WHAT THE TASK REQUIRES. From the line that contains "Dark Olive Fine Ribbed Socks" to the last line of the entries, set down each line exactly as written, both ends included, with nothing else.

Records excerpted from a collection
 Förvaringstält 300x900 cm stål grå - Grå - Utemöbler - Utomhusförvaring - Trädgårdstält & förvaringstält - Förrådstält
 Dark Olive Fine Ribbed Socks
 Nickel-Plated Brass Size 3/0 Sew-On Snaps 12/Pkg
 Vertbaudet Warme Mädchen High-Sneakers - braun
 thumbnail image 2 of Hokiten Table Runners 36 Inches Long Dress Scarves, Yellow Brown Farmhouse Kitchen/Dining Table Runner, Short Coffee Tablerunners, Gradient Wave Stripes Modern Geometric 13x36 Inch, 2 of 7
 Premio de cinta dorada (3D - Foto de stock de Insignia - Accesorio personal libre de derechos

TASK SOLUTION.
 Dark Olive Fine Ribbed Socks
 Nickel-Plated Brass Size 3/0 Sew-On Snaps 12/Pkg
 Vertbaudet Warme Mädchen High-Sneakers - braun
 thumbnail image 2 of Hokiten Table Runners 36 Inches Long Dress Scarves, Yellow Brown Farmhouse Kitchen/Dining Table Runner, Short Coffee Tablerunners, Gradient Wave Stripes Modern Geometric 13x36 Inch, 2 of 7
 Premio de cinta dorada (3D - Foto de stock de Insignia - Accesorio personal libre de derechos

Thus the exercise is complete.